It was only two years ago that Crown Resorts sold its founding stake in Melco Resorts (MLCO -2.92%), formerly known as Melco Crown, for $1.16 billion. Now Melco is buying a 19.99% stake in Crown Resorts for $1.22 billion, turning the tables on a company that made its existence possible. 

James Packer, who owns a controlling interest in Crown Resorts, is actually the one selling a portion of his stake, continuing a trend of cashing in on his remaining assets (as he did with Melco Resorts). The deal gives Packer cash and diversifies Melco Resorts' business, but it may be a more strategic move than it first appears. 

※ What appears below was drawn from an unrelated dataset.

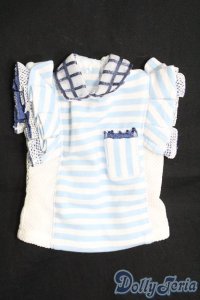 MSD(SDM)/OF：DollHearts製トップス I-25-06-08-3060-TO-ZI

Macau's skyline from the water.

Image source: Getty Images.

Melco Resorts' big move

Melco Resorts doesn't have a history of big acquisitions in gaming, but it has been preparing itself for a deal like this for a while. You can see below that it's generating billions in EBITDA, a proxy for cash flow from resorts, each year and keeps a relatively low level of debt. 


MLCO EBITDA (TTM) data by YCharts

This gives Melco ultimate financial flexibility if new opportunities pop up in gaming. Crown Resorts is one of Australia's largest gaming operators and will give the company access to a new market. That's an attractive diversification for a company that makes most of its money in Macau. Regulators will have a final say as to whether the sale can take place while Crown keeps all of its gaming licenses, but for now the deal looks like a good way for Melco Resorts to expand. 

Blocking a hostile takeover

The benefit for Packer and Crown Resorts is that Melco Resorts' stake brings a well-capitalized gaming company into the fold to fend off potential acquirers. Last month Wynn Resorts (WYNN 0.56%) reportedly approached Crown Resorts about a $10 billion buyout, which was ultimately turned down. But Packer may have felt heat to bring in another gaming company if he was going to turn down such an offer. 

This doesn't mean that Wynn Resorts can't pursue an acquisition later, but it will make acquiring the company more complicated, and Melco Resorts will likely have a leg up in potentially acquiring the entire company. 

Other than holding off a Wynn takeover and raising cash for Packer, there wasn't a huge long-term benefit for Crown Resorts. The sale didn't happen at a big premium, as acquisitions often do, so investors could still be disappointed that a better offer from Wynn may have been turned down. 

Melco Resorts is the big winner today

For a relatively small investment, Melco Resorts has gained a foothold in Australia's gaming market and straight-armed an expansion attempt by Wynn Resorts. That's a big win for Melco Resorts, which doesn't have a lot of organic expansion options with the cash it's generating each year. This is one way to keep the company growing and potentially get an attractive gaming asset at a discount.